■ Data shown ■
********************
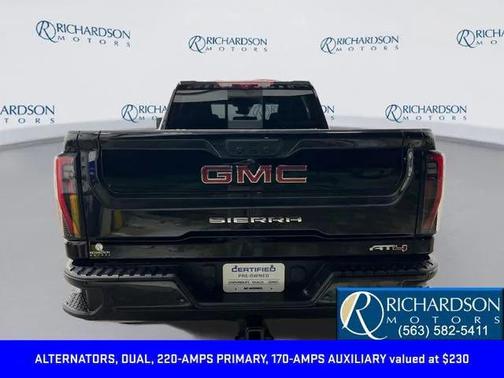 2025 GMC Sierra 2500 AT4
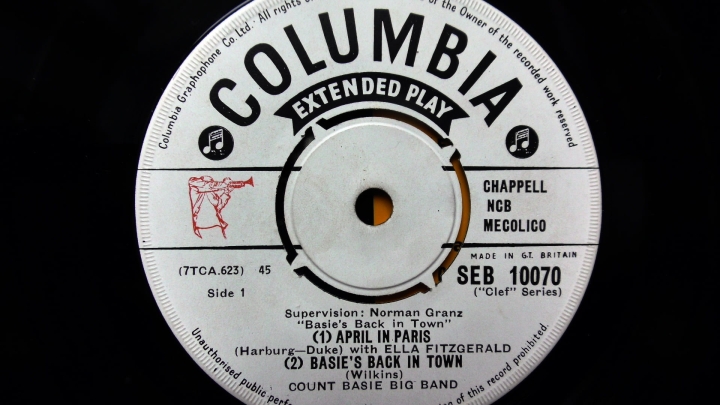Count Basie – Basie's Back In Town Columbia – SEB 10070
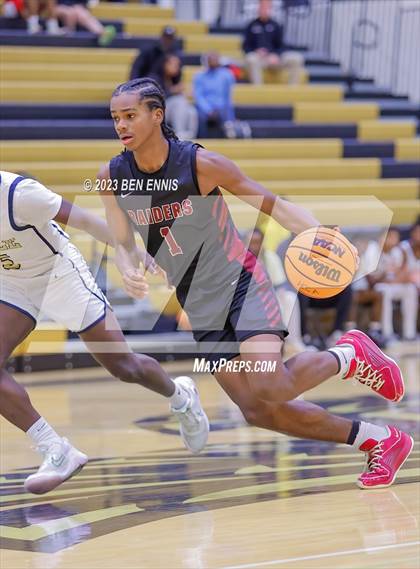Thumbnail 2 in Alpharetta vs. Hapeville Charter (Chuck Miller Classic) photogallery.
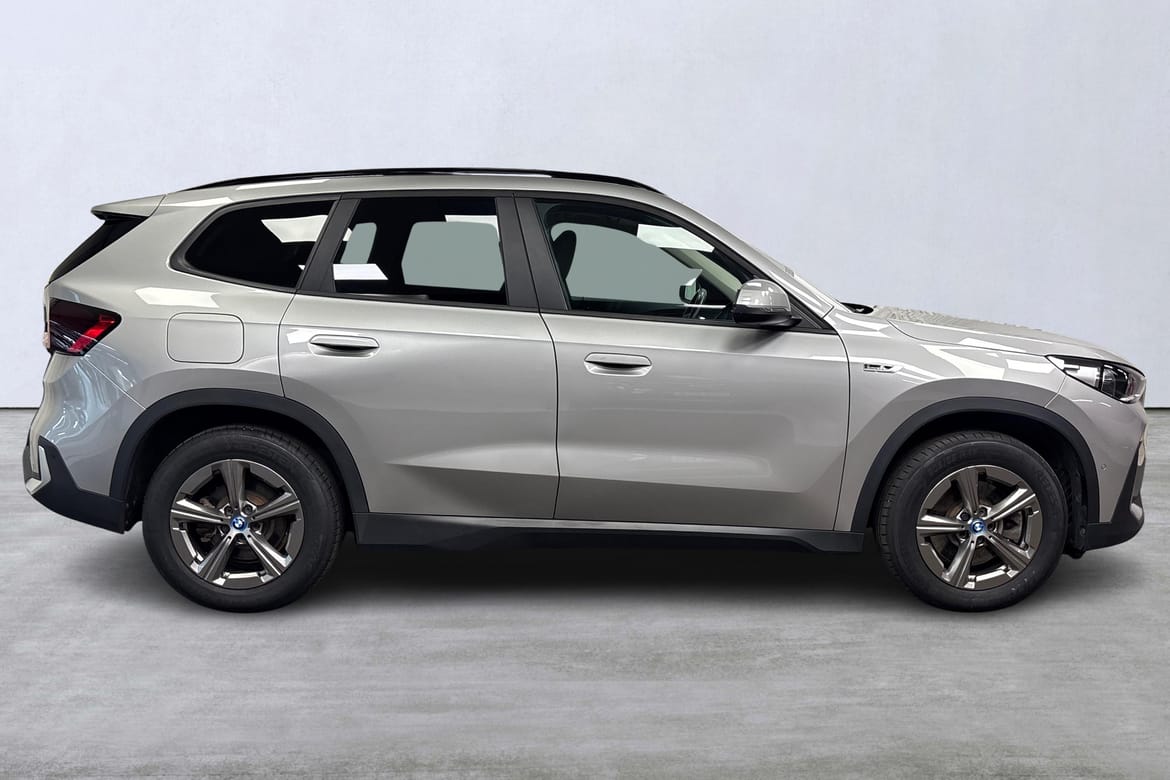BMW X1 xDrive25e 2023, bild 3/53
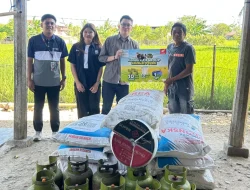 Asmo Sulsel dan FIFGroup Salurkan Bantuan untuk Petani Terdampak Kekeringan di Sidrap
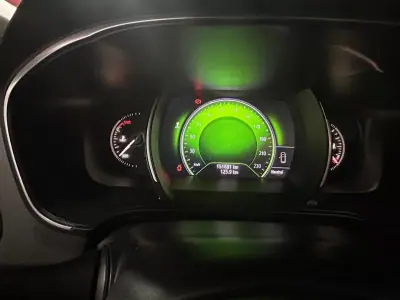 Renault Mégane 2017 - 13950 EUR, 151881 km - AUTO.MOTO.pt - 151881km - foto 9 de 20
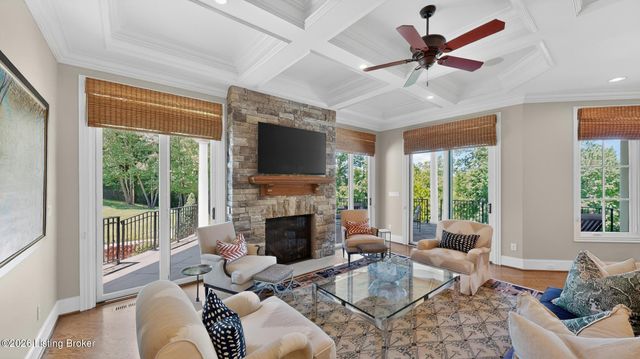 5706 Harrods Glen Dr, Prospect, KY 40059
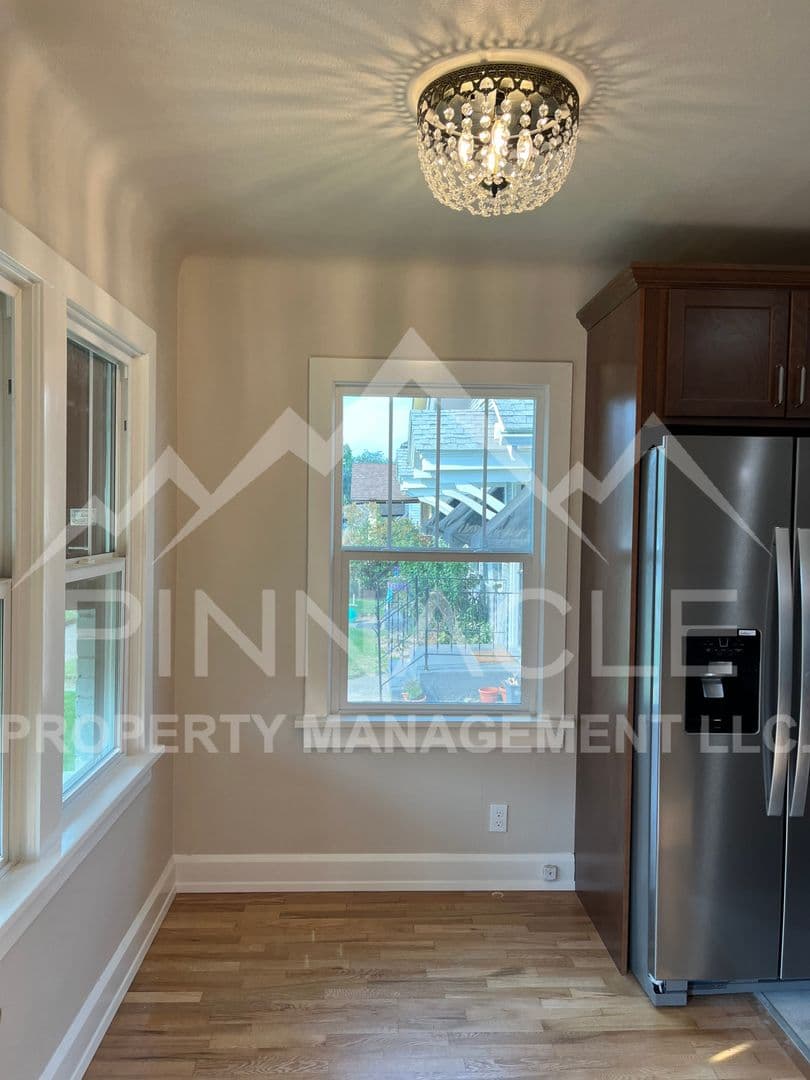 Yakima Apartment: 3 CHICAGO AVE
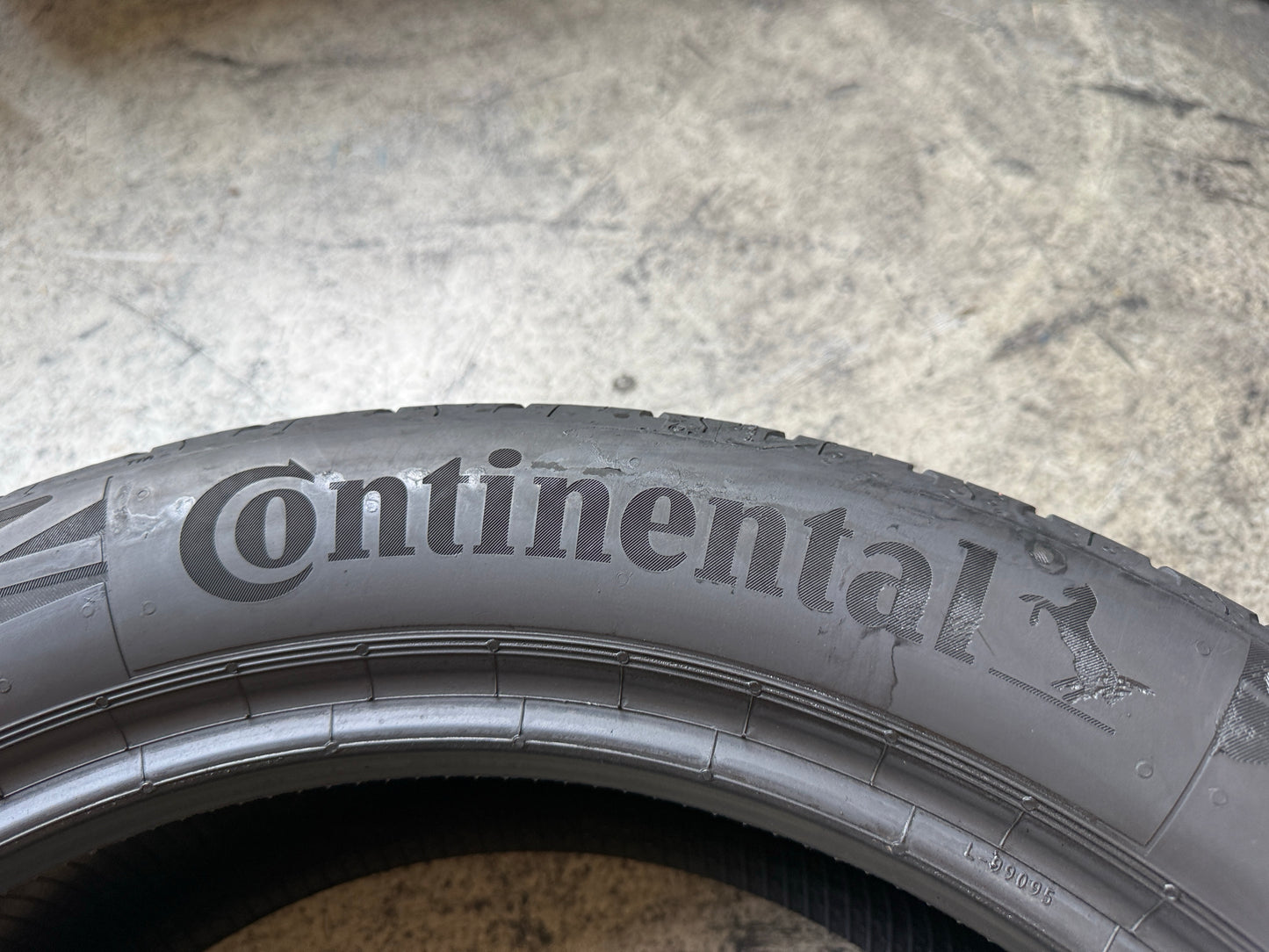 Usato: 4 Pneumatici Continental EcoContact 6 EVc 215/50R18 96V XL Estivi 90% Residui DOT 2024 / 2023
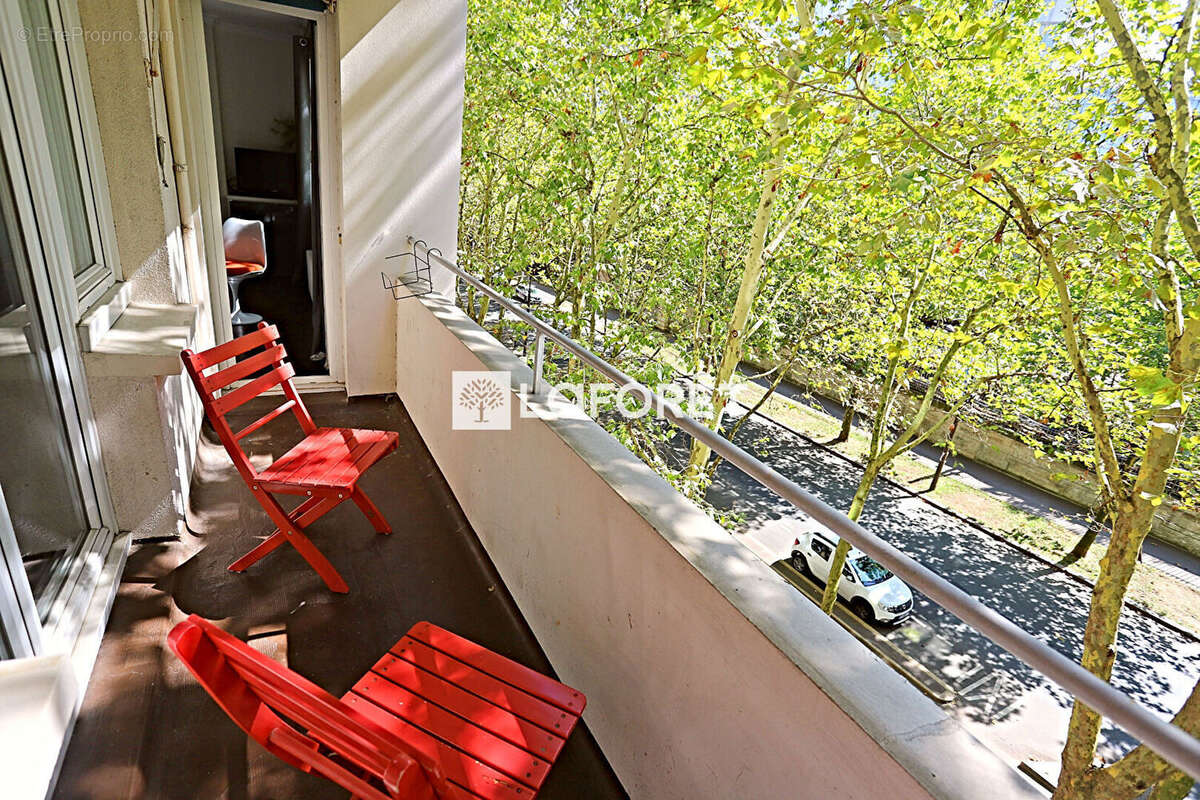 Appartement à PARIS-14E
********************
From the first line to the last, retype the data above exactly, but not its images.

■ Written reply ■
 2025 GMC Sierra 2500 AT4
Count Basie – Basie's Back In Town Columbia – SEB 10070
Thumbnail 2 in Alpharetta vs. Hapeville Charter (Chuck Miller Classic) photogallery.
BMW X1 xDrive25e 2023, bild 3/53
 Asmo Sulsel dan FIFGroup Salurkan Bantuan untuk Petani Terdampak Kekeringan di Sidrap
 Renault Mégane 2017 - 13950 EUR, 151881 km - AUTO.MOTO.pt - 151881km - foto 9 de 20
 5706 Harrods Glen Dr, Prospect, KY 40059
 Yakima Apartment: 3 CHICAGO AVE
 Usato: 4 Pneumatici Continental EcoContact 6 EVc 215/50R18 96V XL Estivi 90% Residui DOT 2024 / 2023
 Appartement à PARIS-14E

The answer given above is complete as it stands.